GCP operators (BigQuery, GCS, Dataflow) in Apache Airflow - Time & Space Complexity
When using GCP operators in Airflow, it's important to understand how the number of tasks and API calls grows as you handle more data or jobs.
We want to know how the work done by these operators changes when the input size changes.
Analyze the time complexity of the following operation sequence.
from airflow import DAG
from airflow.utils.dates import days_ago
from airflow.providers.google.cloud.operators.bigquery import BigQueryInsertJobOperator
from airflow.providers.google.cloud.operators.gcs import GCSListObjectsOperator
from airflow.providers.google.cloud.operators.dataflow import DataflowStartFlexTemplateOperator
with DAG('gcp_data_pipeline', start_date=days_ago(1)) as dag:
list_files = GCSListObjectsOperator(bucket='my-bucket')
for file in list_files.output:
start_dataflow = DataflowStartFlexTemplateOperator(
job_name=f'dataflow-job-{file}',
template_path='gs://dataflow-templates/latest/flex',
parameters={'inputFile': f'gs://my-bucket/{file}'}
)
run_bigquery = BigQueryInsertJobOperator(
configuration={...}
)
This sequence lists files in a GCS bucket, then for each file starts a Dataflow job and runs a BigQuery job.
Identify the API calls, resource provisioning, data transfers that repeat.
- Primary operation: Starting a Dataflow job and running a BigQuery job for each file.
- How many times: Once per file found in the GCS bucket.
As the number of files in the bucket increases, the number of Dataflow and BigQuery jobs started grows the same way.
| Input Size (n) | Approx. Api Calls/Operations |
|---|---|
| 10 | About 10 Dataflow + 10 BigQuery jobs |
| 100 | About 100 Dataflow + 100 BigQuery jobs |
| 1000 | About 1000 Dataflow + 1000 BigQuery jobs |
Pattern observation: The number of operations grows directly with the number of files.
Time Complexity: O(n)
This means the work grows linearly with the number of files processed.
[X] Wrong: "Starting one Dataflow job can handle all files at once, so the number of files doesn't affect the number of jobs."
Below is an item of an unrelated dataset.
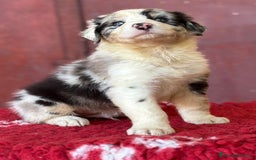 Australian Shepherd cani in vendita: Maschio Blue Merle - Roy a Provincia di Vicenza - Immagine 4
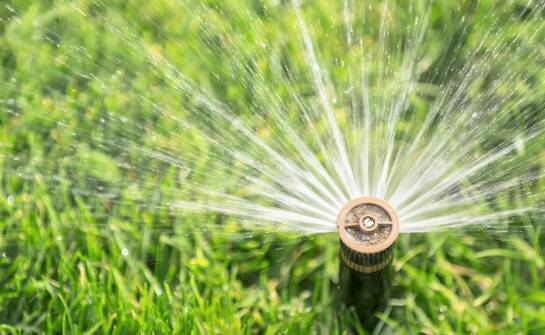 Wpływ nowoczesnych technologii Rain Bird na pielęgnację w ogrodzie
[OK] Correct: In this setup, each file triggers its own Dataflow and BigQuery job, so more files mean more jobs and API calls.
Understanding how cloud operator tasks scale with input size helps you design efficient pipelines and explain your reasoning clearly in discussions.
"What if we changed the pipeline to batch all files into a single Dataflow job? How would the time complexity change?"